Okta Authentication


CodeStream now supports Okta's consolidated single sign-on service for authentication as well. To get it running, you'll need to set up an Okta Web Application for CodeStream's OAuth process. Simply follow the instructions below.

Login to your Okta Admin Portal

Sign-in to your Okta console with an Administrator account.
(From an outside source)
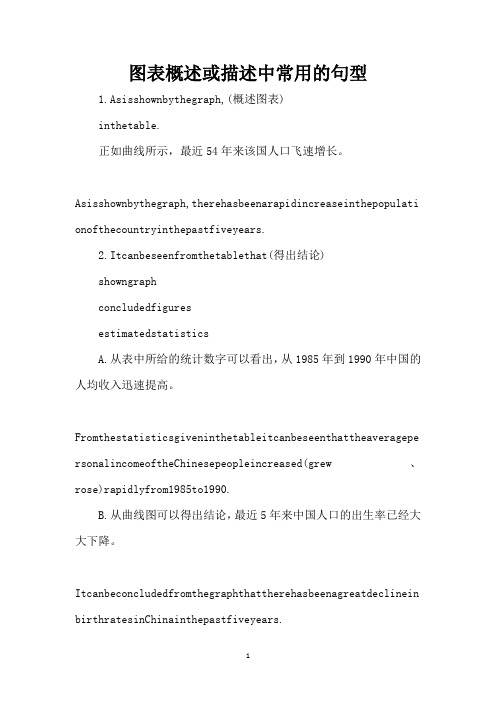 图表概述或描述中常用的句型(精编版)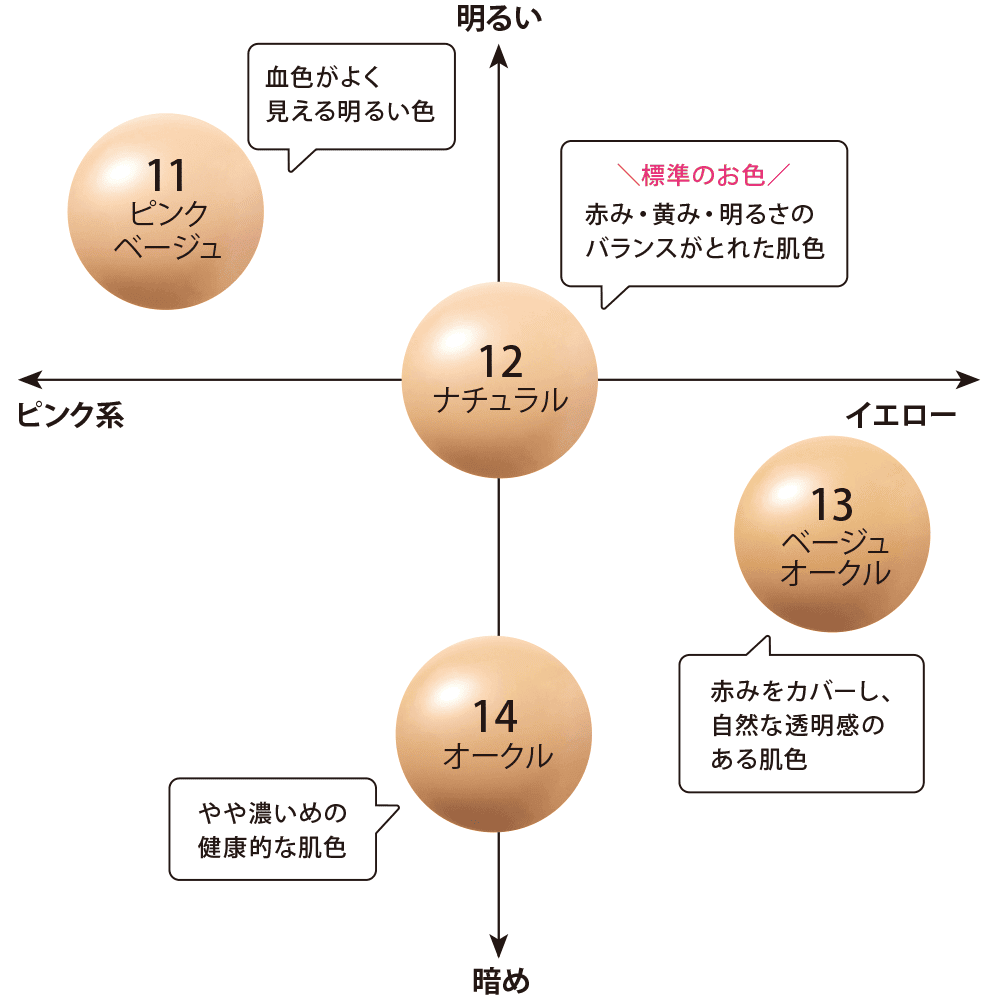 i摜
On the Dashboard, select the Classic UI interface (red oval).

Okta Admin Console

Go to the Applications pane to Add an Application

Go to the Applications panel by clicking on Applications on the top nav bar or Add Applications on the right nav bar (green ovals). Then press the green Add Application button.

Okta Applications

Add the CodeStream Application

Type codestream in the search bar and select the CodeStream app.

Okta CodeStream App

Then click the green Add button on the CodeStream app page.

Okta CodeStream App

Give the App a name

Give the App a name, for example CodeStream On-Prem, and press the Done button.

Okta Name CodeStream App

Record the App Client ID and Secret

With the new app selected, go to the Sign-On pane. Make note of the Client ID and Client Secret which you will add to the CodeStream configuration file in a later step (green circles).

Then click the Edit button to the right of settings (red circle).

Okta Edit CodeStream App

Add your CodeStream API hostname

Once you've clicked Edit, scroll down and fill in the HostName property in the Advanced Sign-On Settings section. This should be the fully qualified public-facing host name (without any protocol scheme or other URL properties) of your on-prem CodeStream API server.

After you've entered the host name, click the green Save button.

Okta Edit CodeStream App

Assign persons to the CodeStream App

Now go to the Assignments pane and click the green Assign button.

Okta Assignments

Then add all the users and/or groups you want to allow to authenticate CodeStream with Okta and click the green Done button.

Okta Assignments

Update the CodeStream Config and Restart

Finally, Add the following section to your ~/.codestream/codestream-services-config.json file use the Client ID and Client Secret you took note of in a previous step. Make a backup of this file before you add the new information, just in case something goes wrong you'll be able to back out your change by putting the backup in place.

	"integrations": {
		"okta": {
			"localInstallation": {
				"appClientId": "-- Client ID goes here --",
				"appClientSecret": "-- Client Secret goes here --"
			}
		},
		...
	},
	...

After you make that change, restart CodeStream

~/.codestream/codestream --restart

Instruct your users to Reload their IDEs. They should now be able to authenticate with Okta.